Requirement | Leave out the pictures and copy every record exactly.

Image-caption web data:
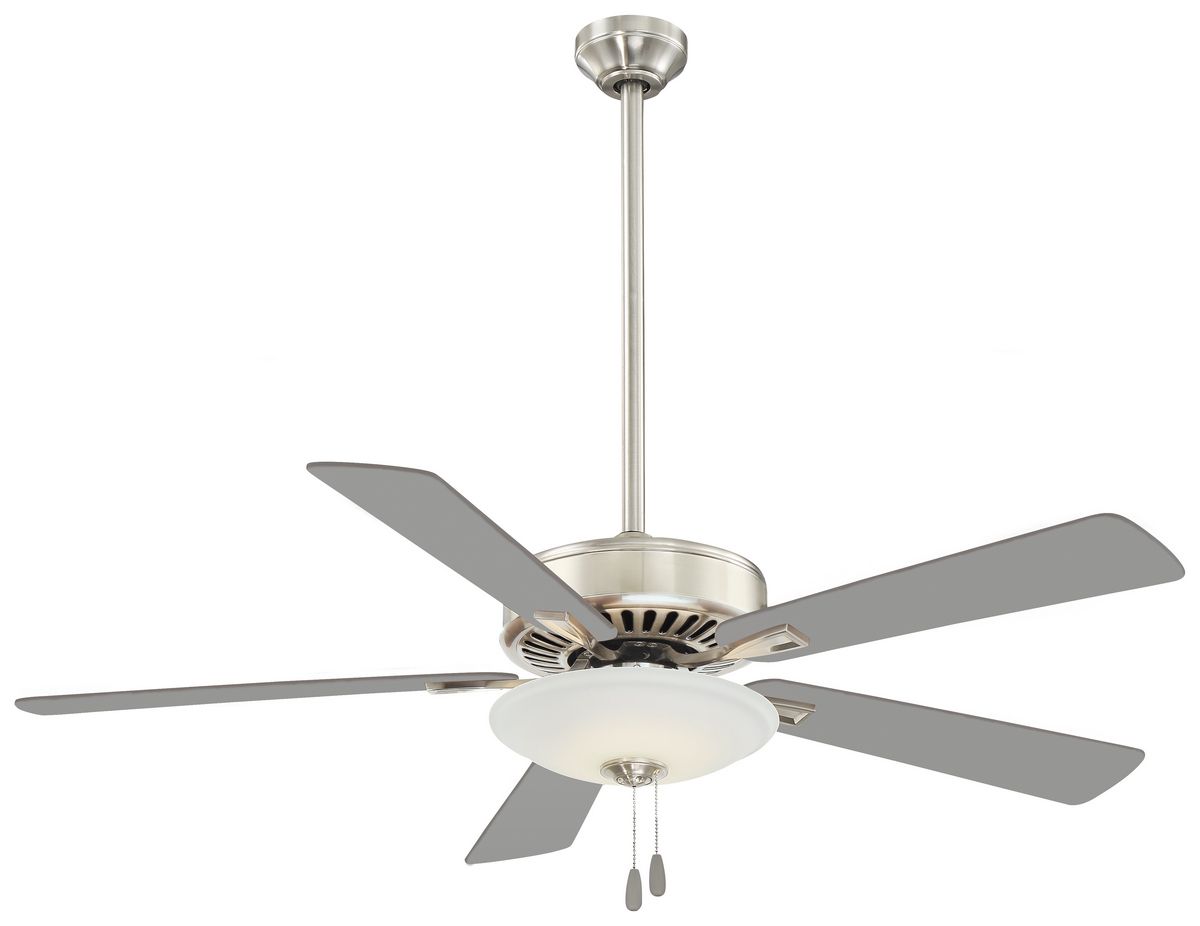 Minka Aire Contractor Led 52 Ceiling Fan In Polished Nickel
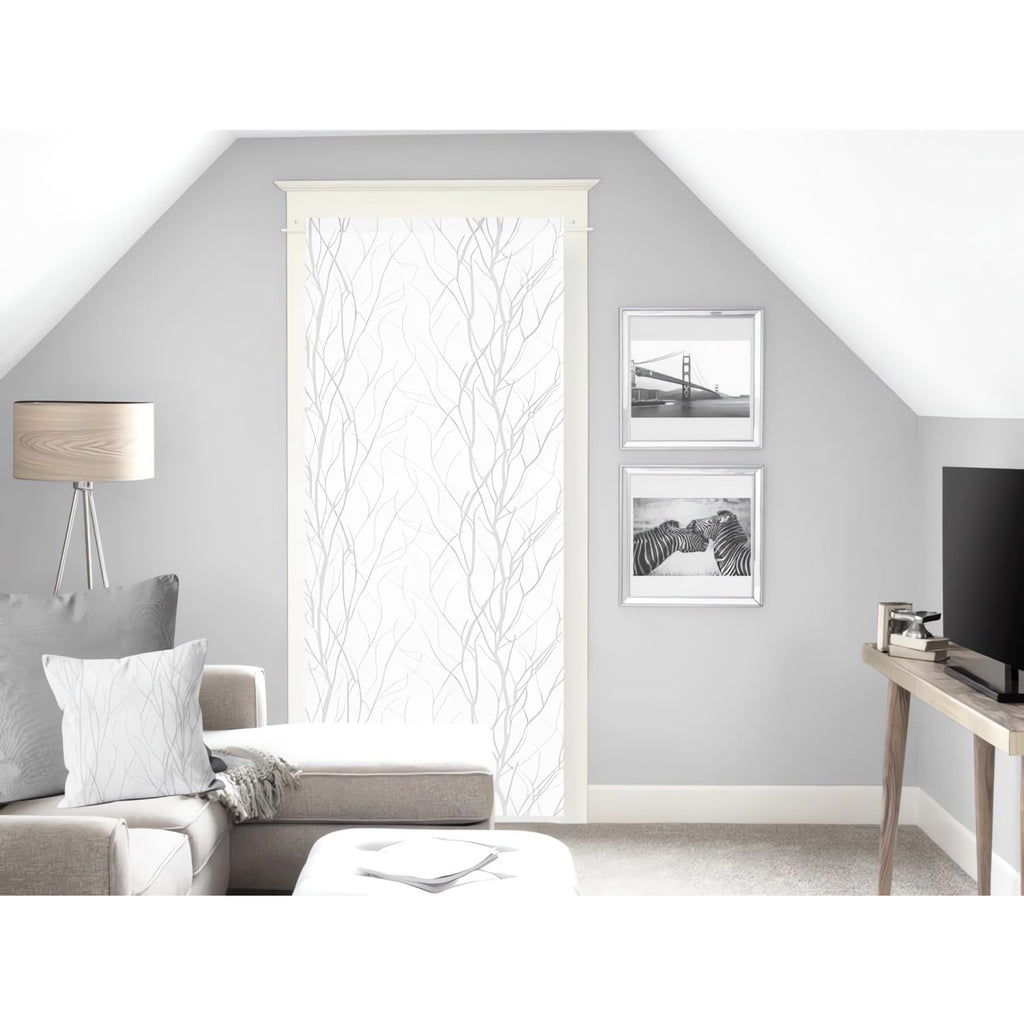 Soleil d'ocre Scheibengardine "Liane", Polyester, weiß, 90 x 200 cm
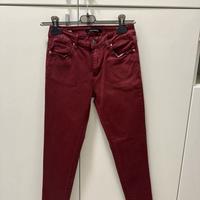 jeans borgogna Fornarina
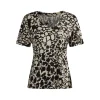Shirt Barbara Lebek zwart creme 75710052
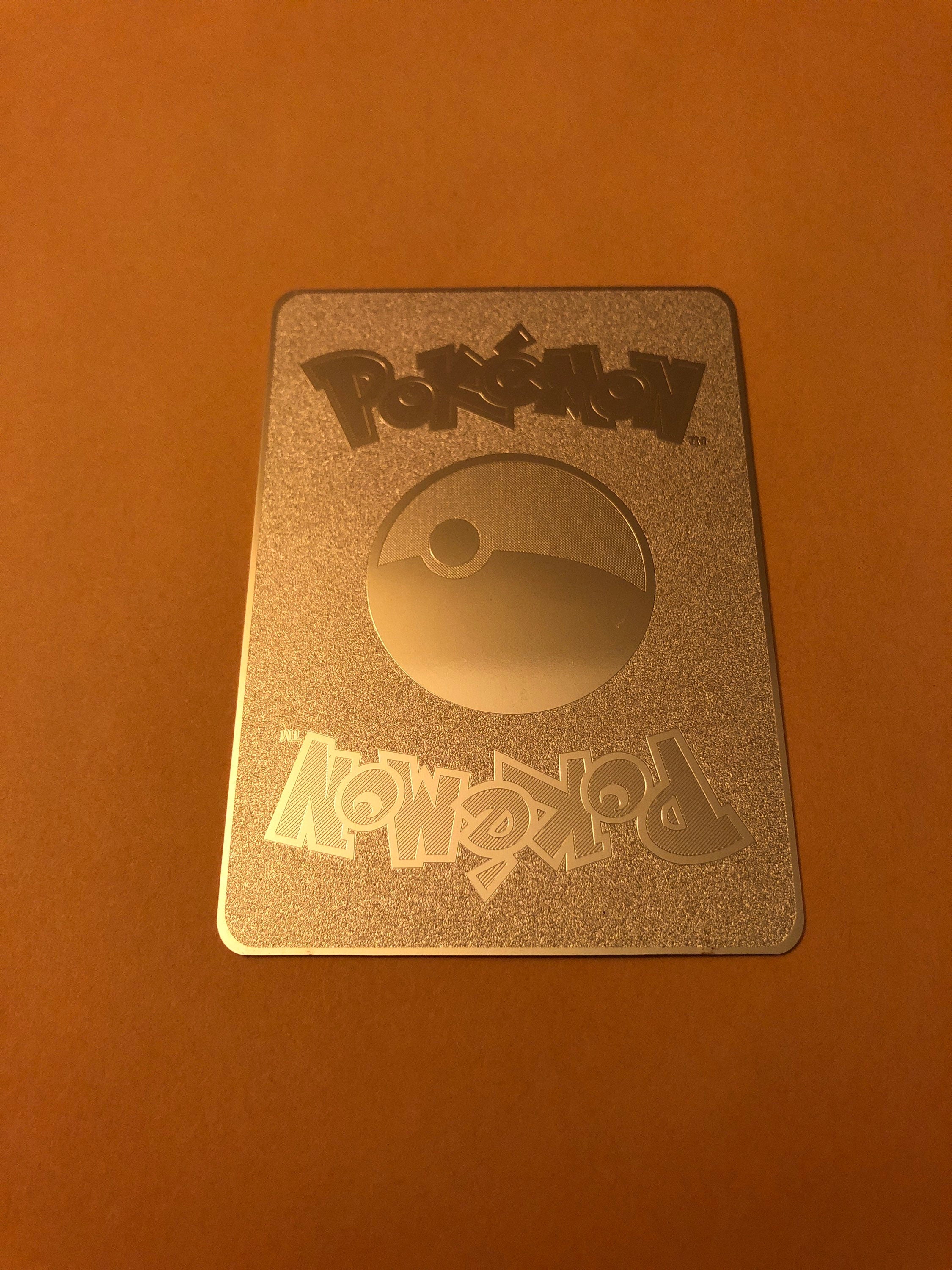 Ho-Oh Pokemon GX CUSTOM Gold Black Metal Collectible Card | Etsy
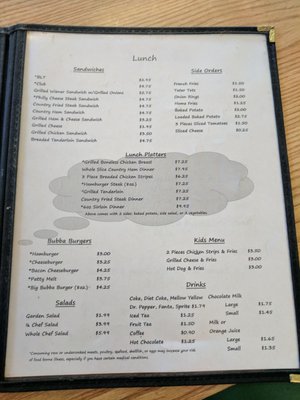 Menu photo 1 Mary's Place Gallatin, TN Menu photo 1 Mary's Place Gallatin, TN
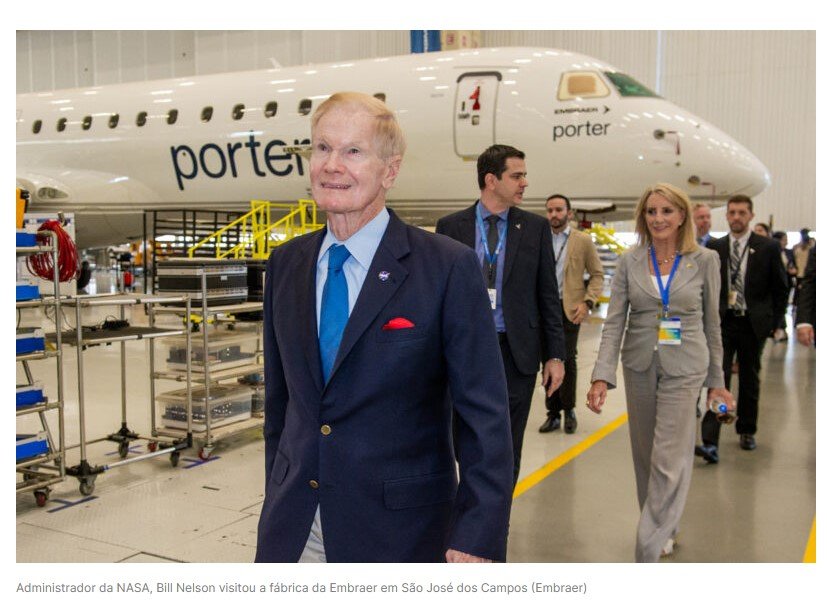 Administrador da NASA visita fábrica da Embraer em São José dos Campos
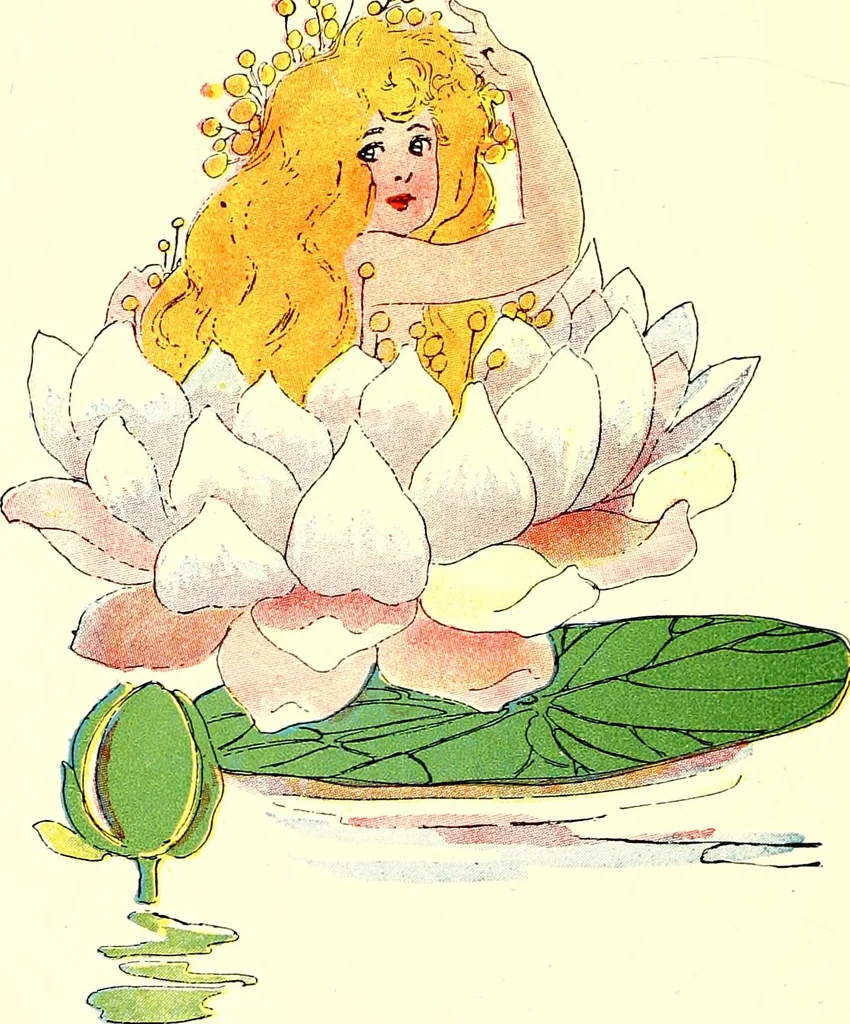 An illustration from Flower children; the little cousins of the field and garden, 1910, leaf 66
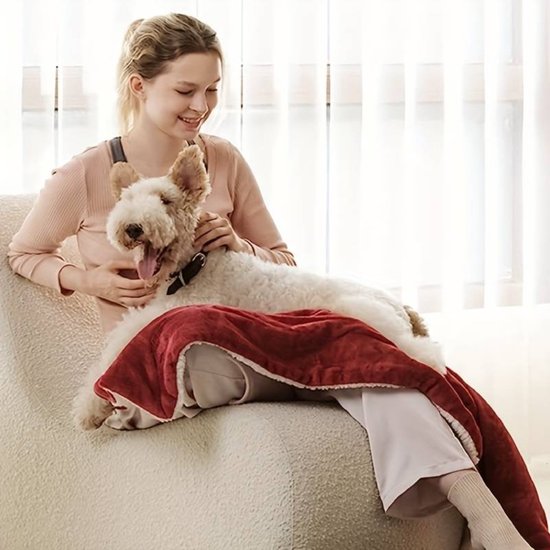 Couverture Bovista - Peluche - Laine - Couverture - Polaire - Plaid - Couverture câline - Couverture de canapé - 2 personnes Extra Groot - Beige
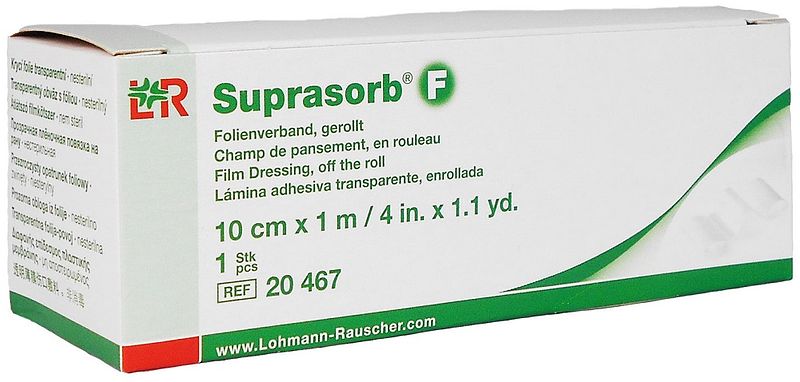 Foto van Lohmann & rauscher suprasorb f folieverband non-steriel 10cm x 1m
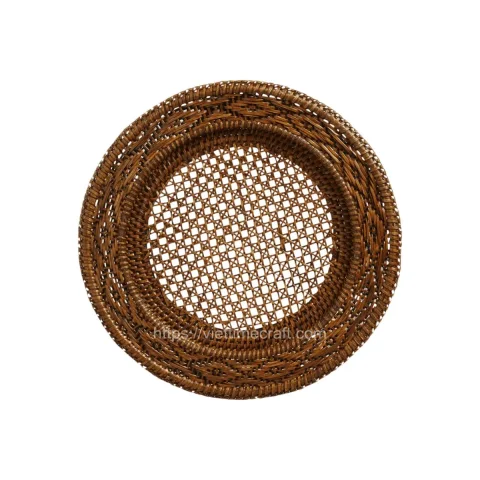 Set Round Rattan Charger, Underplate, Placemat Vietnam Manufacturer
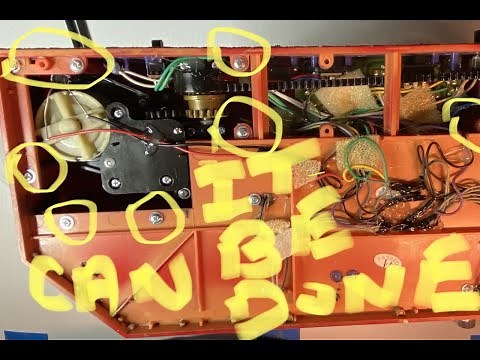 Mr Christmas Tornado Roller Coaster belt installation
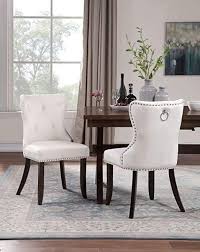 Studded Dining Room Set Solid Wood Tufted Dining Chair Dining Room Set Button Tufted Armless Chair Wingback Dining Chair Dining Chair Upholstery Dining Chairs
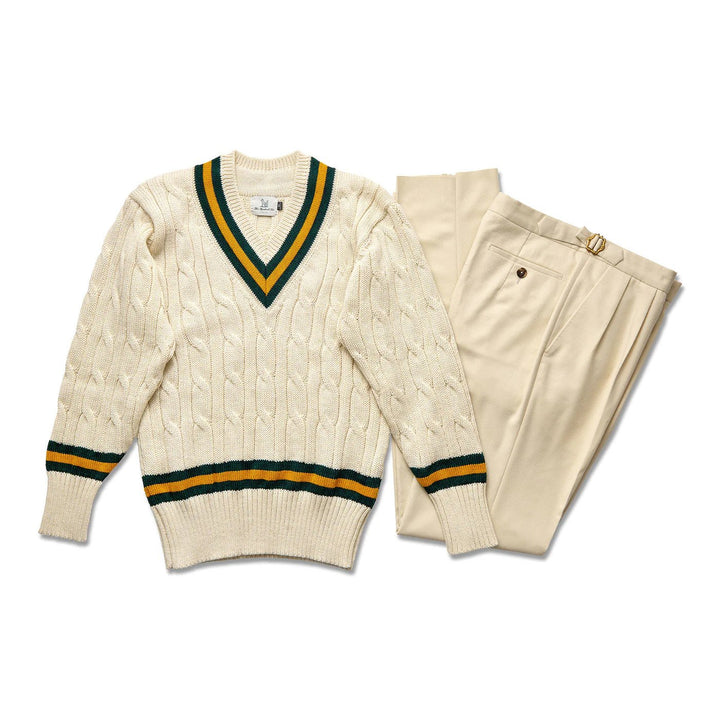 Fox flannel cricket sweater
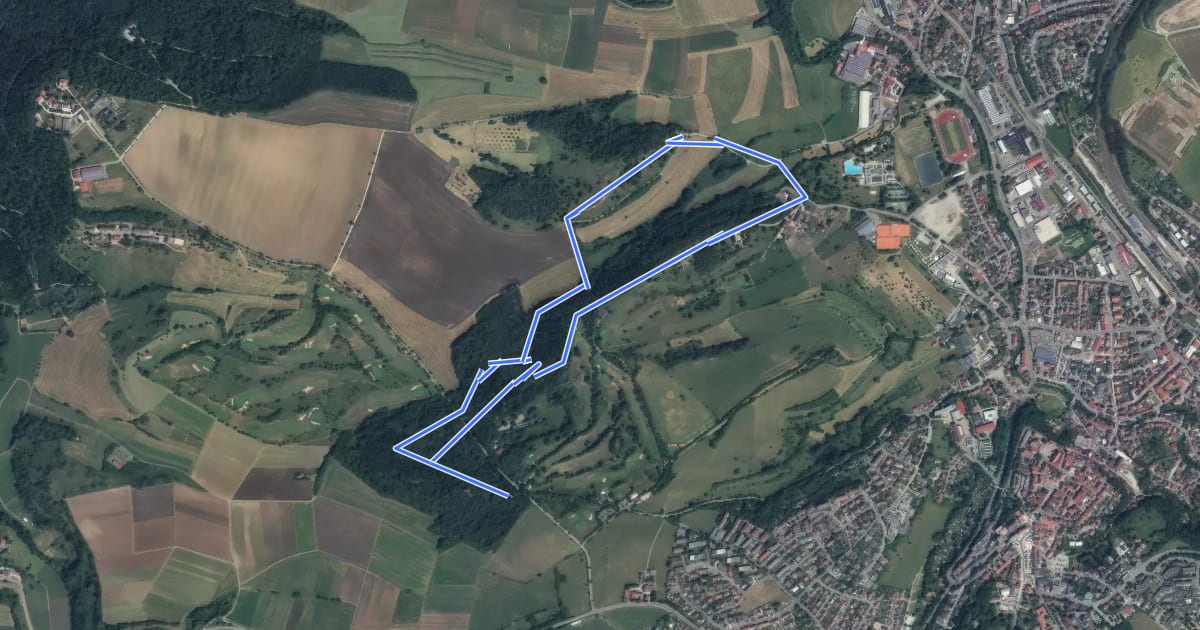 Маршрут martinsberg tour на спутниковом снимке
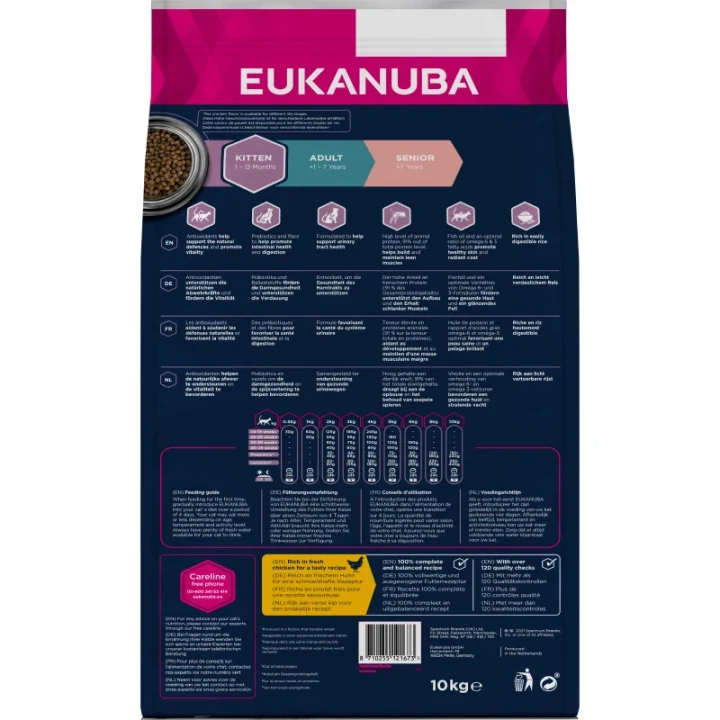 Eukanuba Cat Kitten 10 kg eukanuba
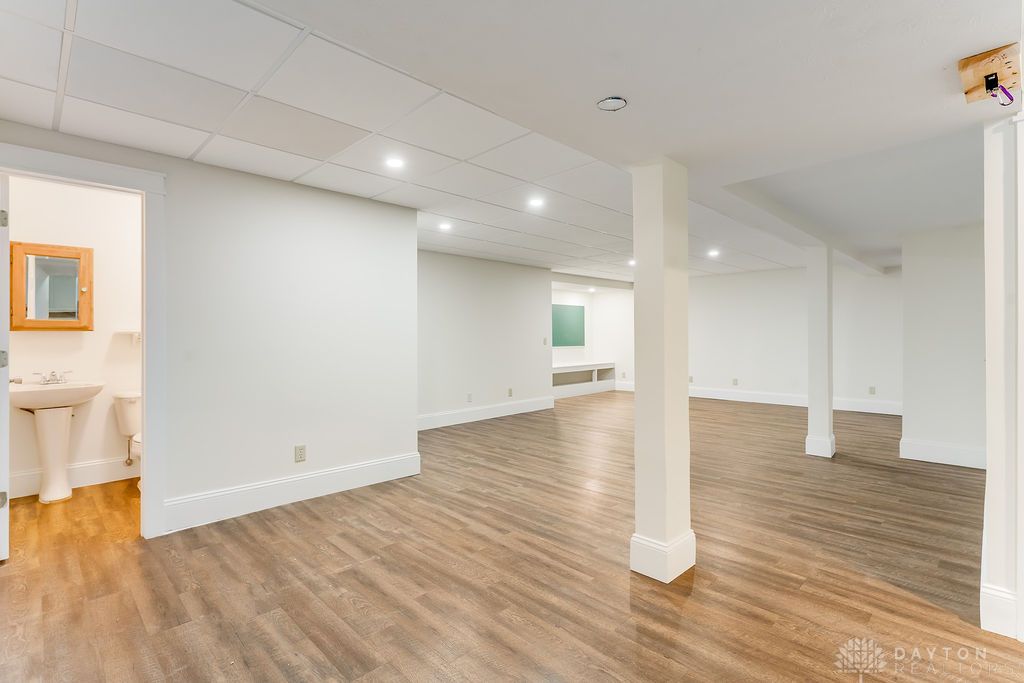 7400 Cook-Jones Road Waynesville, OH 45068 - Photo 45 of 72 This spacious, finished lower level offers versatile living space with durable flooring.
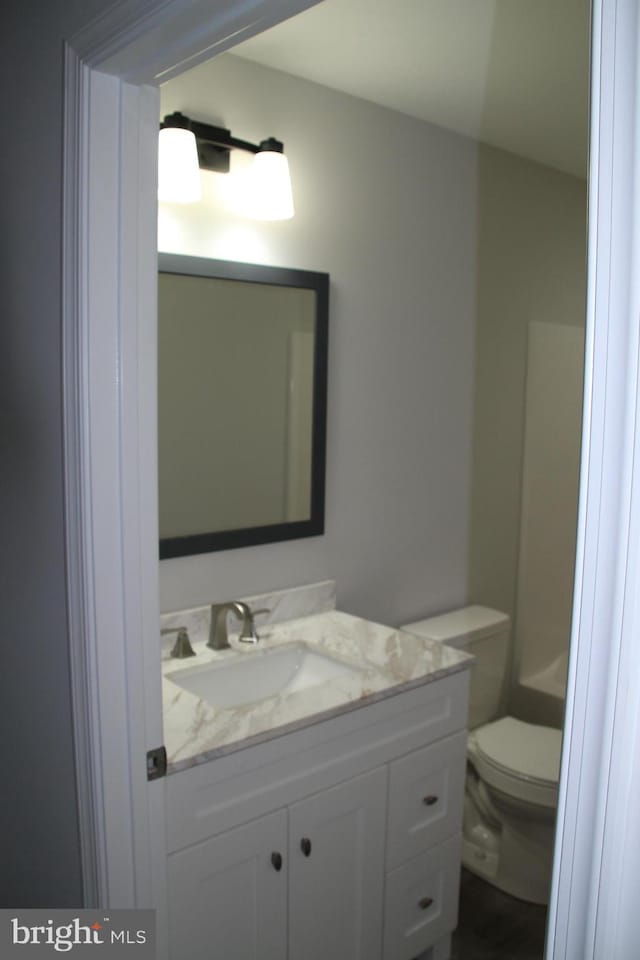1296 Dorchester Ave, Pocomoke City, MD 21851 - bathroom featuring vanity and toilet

Answer |
 Minka Aire Contractor Led 52 Ceiling Fan In Polished Nickel
 Soleil d'ocre Scheibengardine "Liane", Polyester, weiß, 90 x 200 cm
 jeans borgogna Fornarina
Shirt Barbara Lebek zwart creme 75710052
 Ho-Oh Pokemon GX CUSTOM Gold Black Metal Collectible Card | Etsy
 Menu photo 1 Mary's Place Gallatin, TN Menu photo 1 Mary's Place Gallatin, TN
 Administrador da NASA visita fábrica da Embraer em São José dos Campos
 An illustration from Flower children; the little cousins of the field and garden, 1910, leaf 66
 Couverture Bovista - Peluche - Laine - Couverture - Polaire - Plaid - Couverture câline - Couverture de canapé - 2 personnes Extra Groot - Beige
 Foto van Lohmann & rauscher suprasorb f folieverband non-steriel 10cm x 1m
 Set Round Rattan Charger, Underplate, Placemat Vietnam Manufacturer
 Mr Christmas Tornado Roller Coaster belt installation
 Studded Dining Room Set Solid Wood Tufted Dining Chair Dining Room Set Button Tufted Armless Chair Wingback Dining Chair Dining Chair Upholstery Dining Chairs
 Fox flannel cricket sweater
 Маршрут martinsberg tour на спутниковом снимке
 Eukanuba Cat Kitten 10 kg eukanuba
 7400 Cook-Jones Road Waynesville, OH 45068 - Photo 45 of 72 This spacious, finished lower level offers versatile living space with durable flooring.
1296 Dorchester Ave, Pocomoke City, MD 21851 - bathroom featuring vanity and toilet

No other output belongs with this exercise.